ECHO: Was lernen wir aus dem Fall Nokia, einer völlig normalen unternehmerischen Entscheidung, betriebswirtschaftlich begründbar, die populistisch ausgeschlachtet wurde und das Defizit an ökonomischem Sachverstand in Deutschland aufzeigt?
Sinn: Dass die Nerven blank liegen. Der Kapitalismus gefiel den Arbeitern in der Nachkriegszeit, als sie die Niedriglöhner waren, die von den anderen, weiter entwickelten Ländern hochgezogen wurden. Wenn man selbst der Hochlöhner ist, der die Chinesen hochziehen soll, dann schwindet die Attraktivität des Systems. Dann ist wieder Klassenkampf angesagt. Damit der Krieg der Klassen nicht ausbricht, muss die Politik die Verlierer kompensieren. Das geht nur durch Lohnzuschüsse im Niedriglohnsektor. Mindestlohnstrategien schüren den Kampf weiter an, weil sie den Weg in die Massenarbeitslosigkeit bedeuten.
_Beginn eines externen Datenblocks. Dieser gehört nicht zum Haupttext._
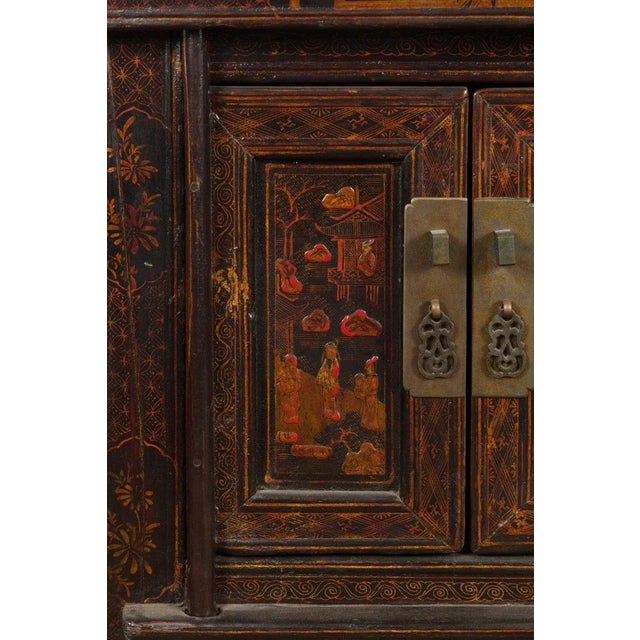 Wood 19th Century Chinese Qing Dynasty Period Bedside Cabinet with Original Lacquer For Sale - Image 7 of 13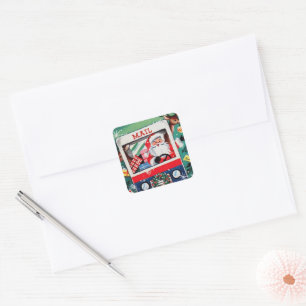 retro vintage Christmas Santa Holiday Square Sticker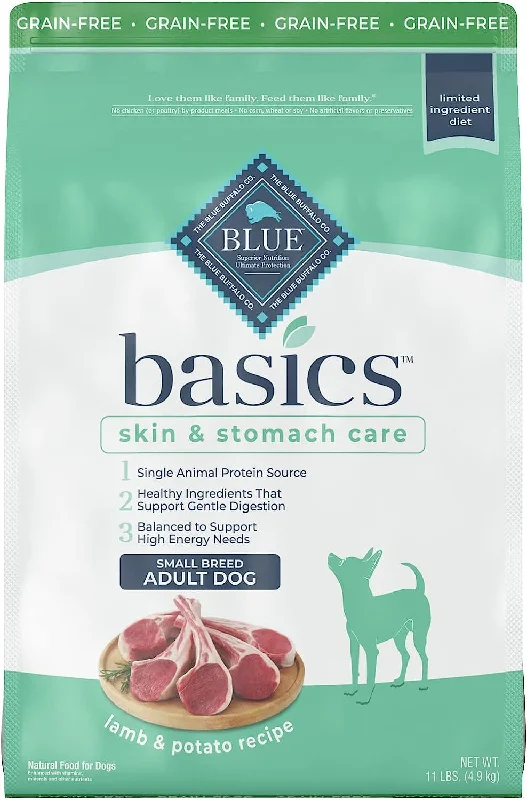 Blue Buffalo Basics Skin & Stomach Care Grain-Free Formula Lamb & Potato Recipe Small Breed Adult Dry Dog Food, 11-lb bag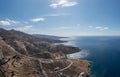 Tinos island, Cyclades Greece. Aerial panoramic view of rocky landscape and coast, y Royalty Free Stock Photo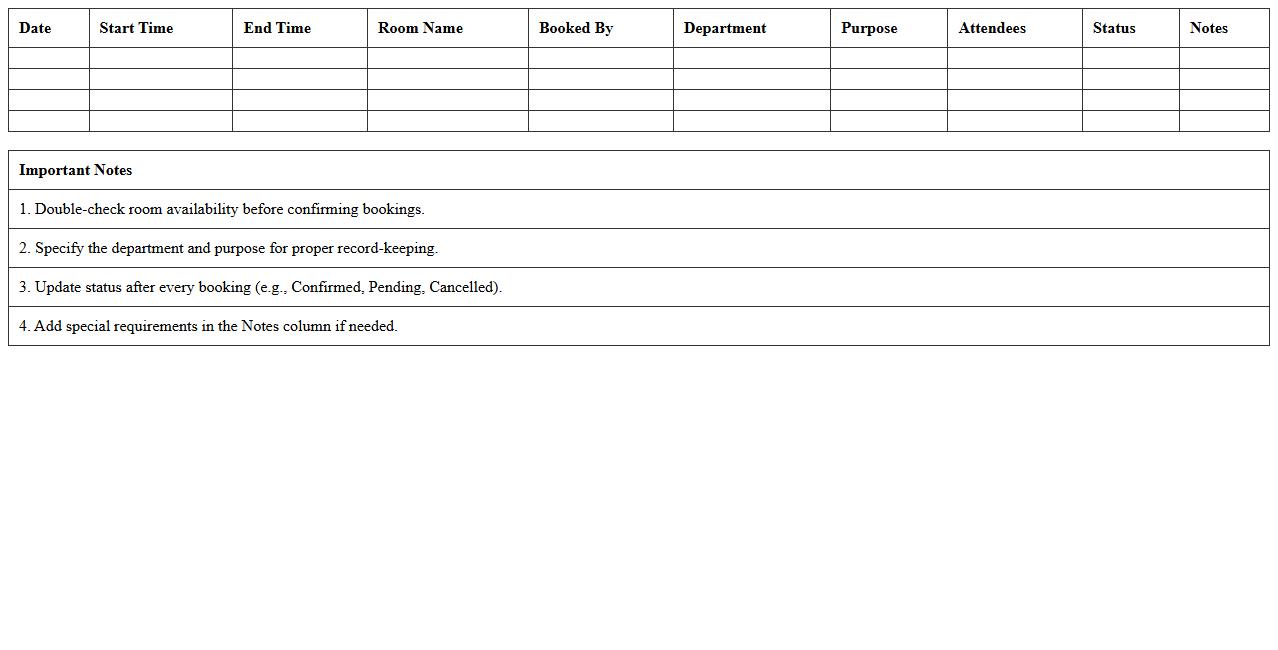 Conference Room Booking Excel Template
ECHO: Wie schädlich sind die Skandale bei VW, Siemens oder der Fall Zumwinkel bei dem Bemühen, sich nachhaltig einen wohlstandssichernden Platz in der Weltwirtschaft zu sichern?
Sinn: Solche Skandale gab es immer. Aber weil die Einkommensverteilung ungleicher wird, ist die Bereitschaft, sie publizistisch auszuschlachten, größer. Der Neidfaktor ist heute um ein Vielfaches größer als noch vor einigen Jahren. Warum sterben jetzt keine Vögel an SARS? Weil die Presse ein anderes Thema hat. Die Empörung über die Manager ist der verständliche, aber ohnmächtige Versuch, die anonymen Kräfte der Globalisierung zu personifizieren.
ECHO: Oder sind Ethik und Moral auf den Weltmärkten nur hinderlich?
Sinn: Ethik und Moral sind die Voraussetzung für einen funktionierenden Handel. Die Regeln muss man einhalten, sonst droht Anarchie. Aber, wie gesagt, ich glaube nicht, dass die Manager heute unmoralischer sind als früher.
ECHO: Zum Aktuellen: Die globalen Kapitalmarktrisiken und die einsetzende Konjunkturschwäche dämpfen den Ausblick. Wie wird aus Ihrer Sicht 2008 und 2009?
Sinn: Deutschland hat noch ein gutes Jahr, für die USA wird es düster. Der Michigan Index und der ifo WES Index für Amerika liegen beide unter dem Wert, den sie nach dem Anschlag auf das World Trade Center hatten. Die Party der Weltwirtschaft ist vorbei.
ECHO: Wer muss die US-Konsumenten als Antreiber ersetzen?
Sinn: Sie kann keiner ersetzen.
ECHO: Was sollte Berlin vordringlich tun - Stichwort: Reformen -, wenn das konjunkturelle Pendel stärker nach unten ausschlägt?
Sinn: Die Schröderschen Reformen sichern und vertiefen. Sie haben in Deutschland eine Trendwende eingeleitet. Die Rolle rückwärts, die die Politik nun veranstaltet, könnte zum Absturz führen.